Врангель вывез из Крыма не деморализованную, а напитанную высоким патриотическим пафосом армию. Но делать ей на Западе как таковой было нечего. И на успешную интервенцию, и на внутреннее восстание, на помощь которому она могла бы прийти, надежды было все меньше: террор и тотальная пропаганда внутри страны делали свое дело. Скоропостижная кончина П. Н. Врангеля в апреле 1928 года уберегла его от еще горшей участи: быть выкраденным и убитым сталинскими агентами. Не “солдафонам” было тягаться с чекистами в конспирации.

Стремясь политически и морально окормлять белые эмигрантские массы, Ильин благодаря, увы, оказавшемуся с коротким дыханием “деньгодателю” выпустил несколько номеров журнала с крайне неудачным названием “Новый колокол”. Сразу возникали нехорошие исторические аллюзии: христианин-охранитель превращался, таким образом, в революционного демократа, косвенно легитимизируя тем самым и большевистскую власть в Кремле. Гордиев узел послереволюционной истории эмигранты не могли уже ни разрубить, ни распутать3.

Ильин был человек закрытый, но и трогательно-экспансивный, готовый вдруг простосердечно распахнуться тому, кому он поверил, кого уважал и любил.
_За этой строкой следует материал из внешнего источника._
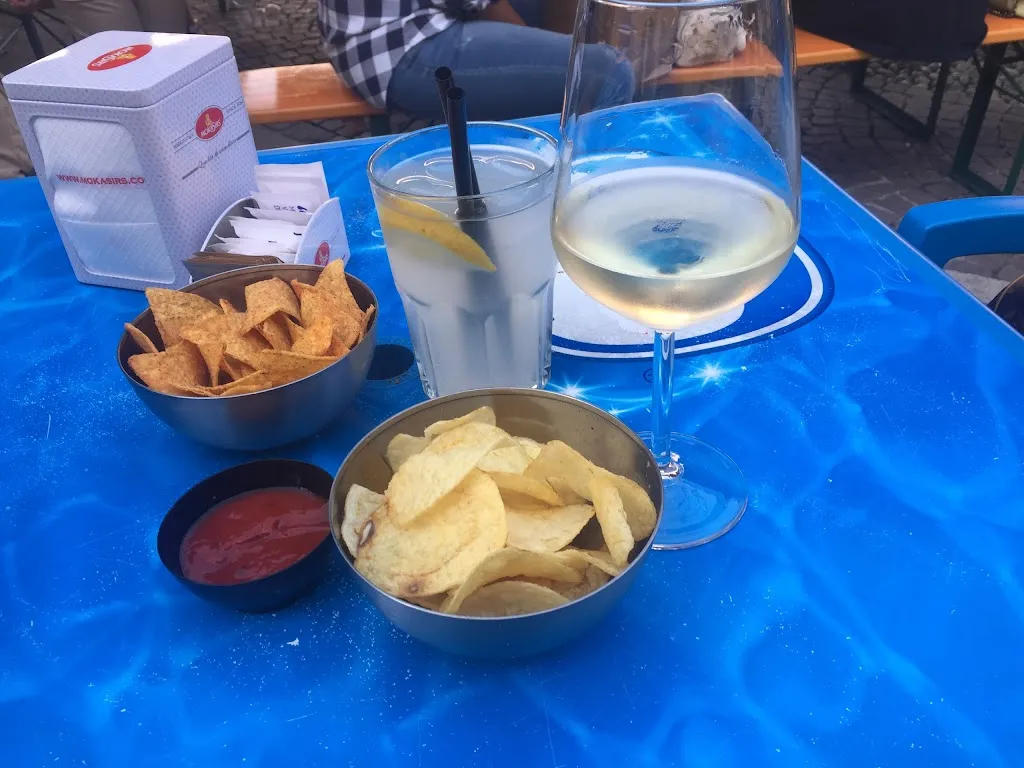 Menu_Osteria Il Brillo Cantante_Giovenzano_image_7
Его имманентное одиночество в изгнании наложилось на одиночество общественное, тем открытее он был для тех немногих — в немногие минуты, кому мог открыться. Да что, даже ненавистному Бердяеву пишет он до наивности откровенно: “Очень прошу Вас помочь мне. Доктора нашли у меня катар левой легочной верхушки. Шлют на юг. Надо наскрести денег. Я говорил с С. Л. Франком, прося его протолкнуть какую-нибудь мою вещь в YMCA-Press. Он обещал переговорить с Вами... Если можете и хотите, то помогите!” А ведь Бердяев, пожалуй, мог бы быть и шокирован таким прямолинейным желанием напечататься в “его” издательстве исключительно по материальной необходимости.

“Если бы только рассказать, — пишет Ильин Сергею Рахманинову 30 августа 1938 года, — сколько раз люди обманывали и предавали меня, то это целое мученичество. Ибо — скажу Вам совершенно откровенно и доверительно — моя душа совсем не создана для политики, для всех этих цепких интриг, жестоковыйностей и проталкиваний вперед. ...Господь один знает, как мучительно мне жить в наше жестоковыйное и каторжное время... Вот почему я говорю о „мученичестве””.
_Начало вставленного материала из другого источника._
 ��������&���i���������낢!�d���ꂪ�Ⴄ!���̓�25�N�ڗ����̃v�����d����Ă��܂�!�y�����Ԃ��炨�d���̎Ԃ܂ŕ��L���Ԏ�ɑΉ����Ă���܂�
...Увы, многое, слишком многое из написанного русскими религиозными философами сегодня больше не актуально — отчасти по их “вине”, в большей степени — по нашему собственному недостоинству. Устаревает творчество, но удивительным образом оказывается живо, злободневно и интересно все, что творчество это сопровождало: сама жизнь выдающегося человека, его письма, записи, дневники, воспоминания и свидетельства о нем современников, включая и... некрологи. Так, член Народно-Трудового Союза (НТС), идеология которого эклектично пыталась сопрячь религиозное и освободительное движение, Н. Тарасова простодушно писала в “Посеве” о покойном И. Ильине, что его заветы легли в основу программы “российских солидаристов, таким образом восстановилась прямая линия Радищева, декабристов, Герцена...” Старый белогвардеец И. Горянинов вынужден был тотчас выступить “В защиту памяти профессора И. А. Ильина”: “Как все просто у Н. Тарасовой! Раз, два — и вот уже покойный И. А. Ильин сопричислен к когорте „славных” — растлителей многих поколений российской нации и погубителей России... Какая клевета, рассчитанная на то, что И. А. Ильин не сможет уже громовым голосом призвать их к порядку”...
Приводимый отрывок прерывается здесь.